The PlayStation version received a "Silver" sales award from the Entertainment and Leisure Software Publishers Association (ELSPA), indicating sales of at least 100,000 units in the UK. In their financial report in February 2001, Eidos included Chronicles among the successful titles published during the late 2000 period. The game has sold 1.5 million units worldwide as of 2009; this made Chronicles the worst-selling Core Design-developed Tomb Raider game, and the second worst-selling main title up to that point.

Aggregate score
| Aggregator | Score |  |  |
| Dreamcast | PC | PS |
| Metacritic | 59/100 | 57/100 | 63/100 |

Review scores
| Publication | Score |  |  |
| Dreamcast | PC | PS |
| Computer Gaming World | N/A | 1.5/5 | N/A |
| Edge | 4/10 | 4/10 | 4/10 |
| Electronic Gaming Monthly | 5.5/10 | N/A | 4.33/10 |
| Eurogamer | N/A | 6/10 | N/A |
| Famitsu | N/A | N/A | 27/40 |
| Game Informer | N/A | 4/10 | 7/10 |
| GamePro | 3.5/5 | N/A | 3.5/5 |
| GameSpot | 7.2/10 | 6.3/10 | 7.2/10 |
| IGN | 5.8/10 | 6.3/10 | 6.5/10 |
| Next Generation | N/A | N/A | 3/5 |
| Official U.S. PlayStation Magazine | N/A | N/A | 2.5/5 |
| X-Play | N/A | 3/5 | N/A |
| ODCM (UK) | 6/10 | N/A | N/A |

==Legacy==

Retrospective staff opinions of Chronicles have been mixed, with many staff feeling it was their worst Tomb Raider project at that time due to a lack of enthusiasm and franchise fatigue. In journalistic retrospectives, Chronicles has been ranked as one of the weakest 32-bit entries, and one of the worst Tomb Raider entries. Core Design's last Tomb Raider title, The Angel of Darkness (2003), was beset with production issues and released to poor critical reception, leading to Eidos taking the property away from Core Design.
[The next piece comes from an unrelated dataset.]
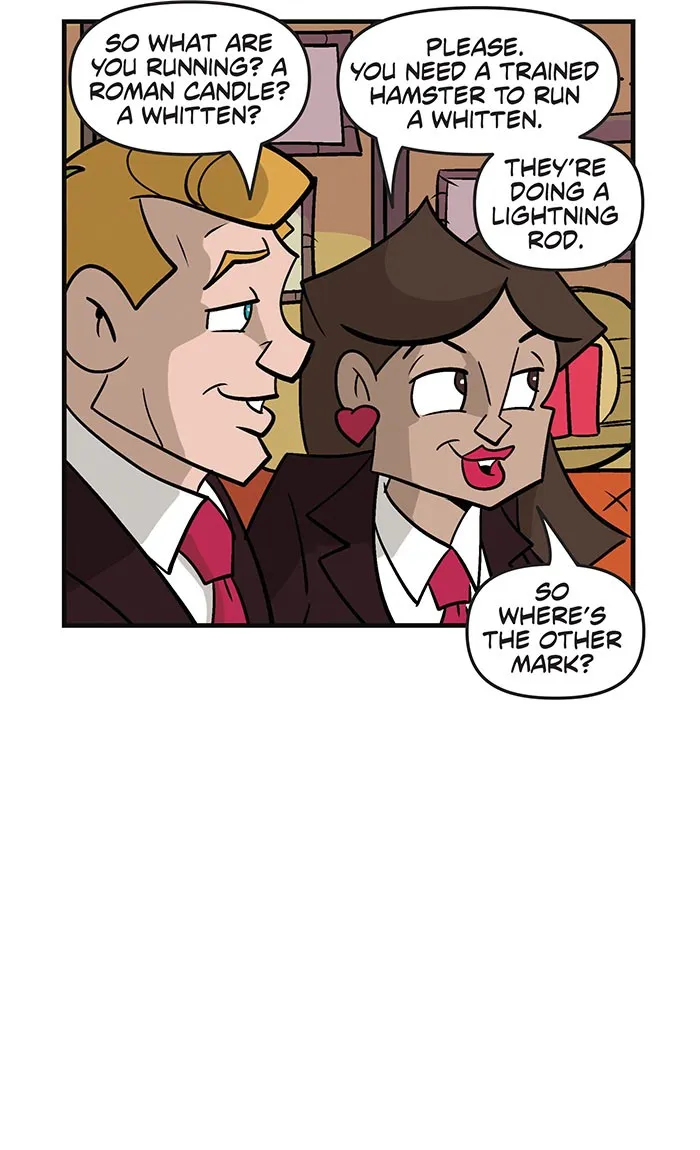 Cupid's Arrows Chapter 10 page 20 -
Chronicles was re-released as part of Tomb Raider IV–VI Remastered, a high-definition remaster for Nintendo Switch, PlayStation 4, PlayStation 5, Windows, Xbox One, and Xbox Series X/S on 14 February 2025. It was developed and published by Aspyr in partnership with Crystal Dynamics. The remaster includes options for new control schemes, and revamped graphics.